Tonight at the Kennedy Center, the much lionized, much loved Lang Lang played that glorious favourite of the repertoire, Edvard Grieg’s lushly romantic Piano Concerto in A minor. And play indeed is the optimal word. We generally use the image unthinkingly, but in his case, there’s more at stake than a mere turn of phrase. There is a sense in which his musical ease segues into a kind of playfulness – serious play at times, but play nonetheless. Perhaps that’s why some critics take issue with him: that he isn’t earnest enough, that he’s a bit of a play-actor. This pianist, who himself has a great affinity with children, treats the classical repertoire almost as if it were child’s play. At least, he did tonight.

But there’s depth too – of that, there was no doubt: it’s just that he doesn’t helplessly pour himself out over the piano, doesn’t agonize: there doesn’t seem to be masses of pent-up pianistic angst gushing forth despite himself. The first movement cadenza was a case in point: it was a highly staged artifice of virtuosity, its start and end deliberately articulated by hand gestures, of which there are many. Piano ‘camp’ may not be to everyone’s taste: I thought it rather  worked for him. In any case, the whole doesn’t appear to take anything out of him; he remains deliberate and aware at all times. He is not, by any means, an Argerich. But there is room for all kinds in the world of pianistic talent. He is, in fact, at his most alluring when playing around.

One of the features that most impressed in his Grieg rendition tonight, indeed, was precisely this element of wit. One always pays lip service to the folksy Norwegian element of the work, but which of us really knows enough about Scandinavian folk culture to take it other than on faith? Lang Lang conveyed it readily, with a sort of skittishness or rambunctiousness as the occasion demanded. But he was able too to move swiftly to moods more dramatic, sensual intense. Most strikingly was the moment in the Allegro third movement, when after a paroxysm of descent and a scale upwards at terrifying speed, he ended on an exquisite note of lightness, ultra pianissimo. To radically change tone, volume and mood in a split second, without fanfare, notice, or even preparation, marks a great musician from a merely good one The orchestra entered into the spirit of the thing, and although I suspect that there could have been more building of tension at the very opening, and more numinous romanticism in the muted strings in the second movement, the dynamic was largely successful. To enthused ovations, he obligingly tossed off an encore – a jaunty, ludic number, namely Ernesto Lecuona’s Cuban Dance. Well, Cuba does seem to be all the rage in DC at the moment. A neat choice.

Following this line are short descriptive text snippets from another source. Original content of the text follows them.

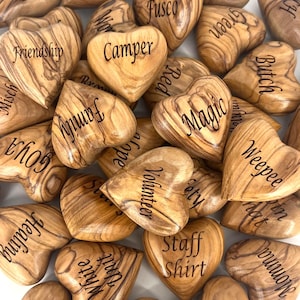 May include: A collection of smooth, heart-shaped wooden tokens crafted from olive wood, each featuring a unique grain pattern and a distinct word or name engraved in black text, including terms like Friendship, Camper, Magic, Family, and Respect.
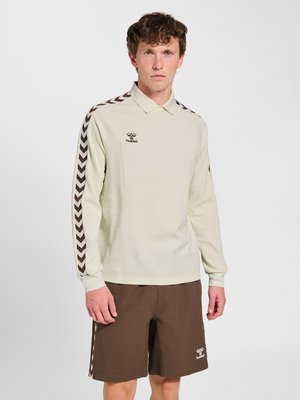 Hombre con camisa polo de manga larga color crema con rayas en forma de cheurón marrones en las mangas y pantalones cortos marrones con logo en la pierna izquierda sobre fondo blanco.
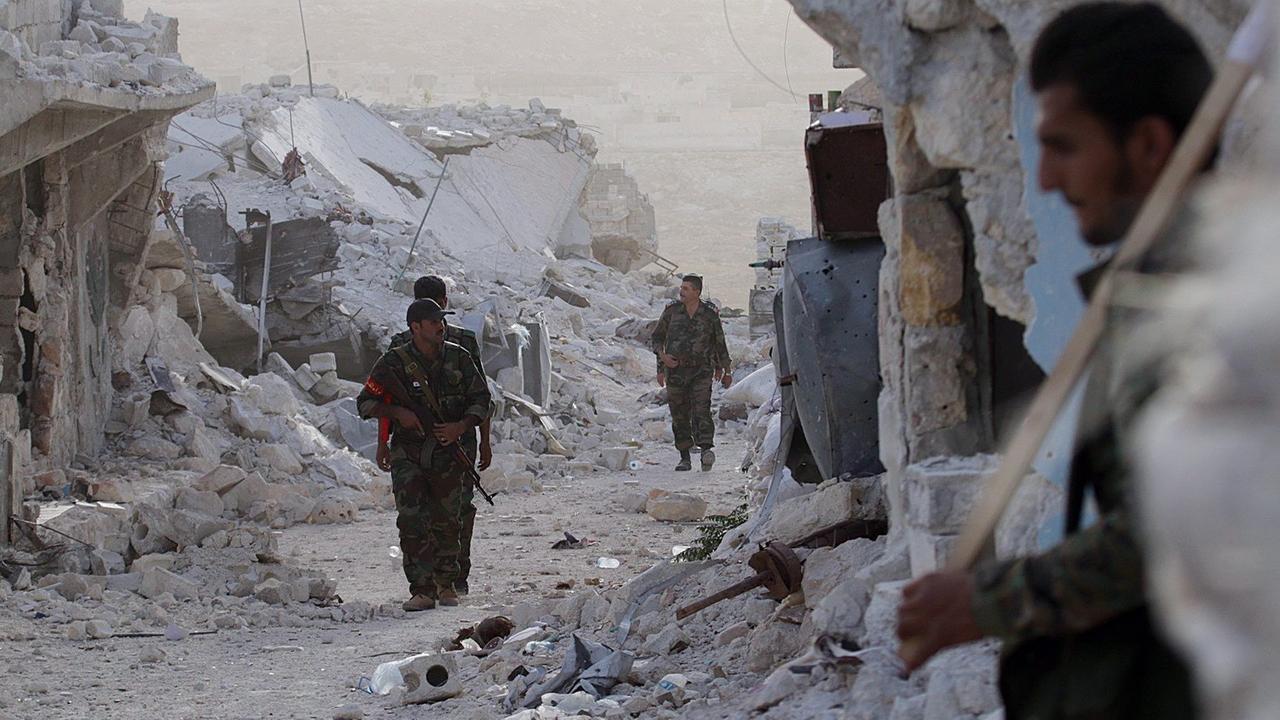 Sie sehen syrische Soldaten in einem Flüchtlingslager in Aleppo.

Lang Lang’s performance was flanked by two other familiar 19th-century offerings. The Overture to Wagner’s Tannhäuser with its distinct worlds of sounds – the Pilgrims’ Hymn set against the wild Bacchanal opened the evening. The brass opening failed to resonate – it should get right in there under the crevices, forcing itself on one’s consciousness. The strings were all about heavy full-pressure bowing gave the necessary fullness; the articulation of the fast passages sounded a little less than perfectly crisp in places. Christoph Eschenbach has a supremely physical way of conducting, epitomized in a very expressive back; it must be one of the few professions where that is a most desirable feature. It’s quite interesting to watch. At his most intense, his conducting is volcanic, thrusting up sounds from the depths of the orchestra, and then reining them in. In the overture’s finale, he visibly focused on rousing the brass and left the strings to fend for themselves. For all the power of this choice, I wanted the end bigger and even more volcanic.

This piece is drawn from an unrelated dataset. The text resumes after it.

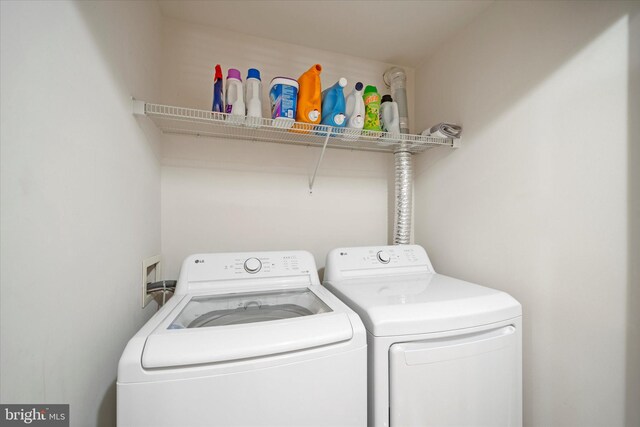 6124 Aster Haven Cir, Haymarket, VA 20169 - washroom with separate washer and dryer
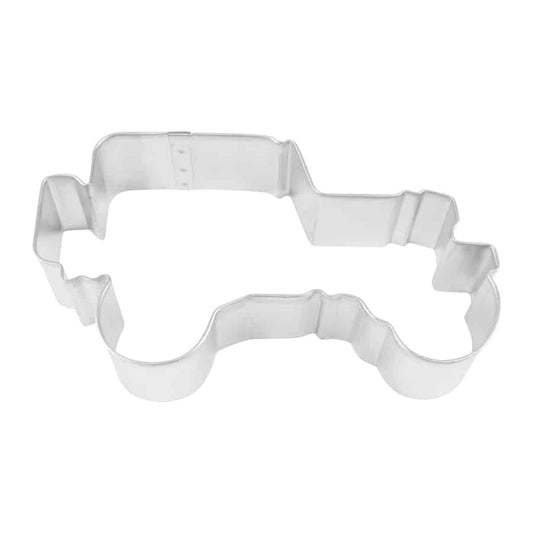 Military truck-shaped cookie cutter with detailed rugged edges, photographed from a top-down angle.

Antonin Dvořák’s Symphony no. 8 in G major is a bright symphony from 1889. (Was anyone cheery in 1889? Dvořák apparently was; the work is signally short on period angst.) From the first expressive voicing of cellos and in due course, some unashamedly up-beat brass, the orchestra gave us a large capacious sound. There was nothing hole-in-the-corner about this music. The Adagio benefited from full-on bowing. Eschenbach is good at laying pressure on sound. That said, the hushed ppp marking the movement’s end was certainly not observed. In short, there was more comfort with loud and big here, and as there’s a lot of loud and big and warding away of fin-de-siècle blues, this served, on the whole, well.

A very enjoyable evening at the Kennedy.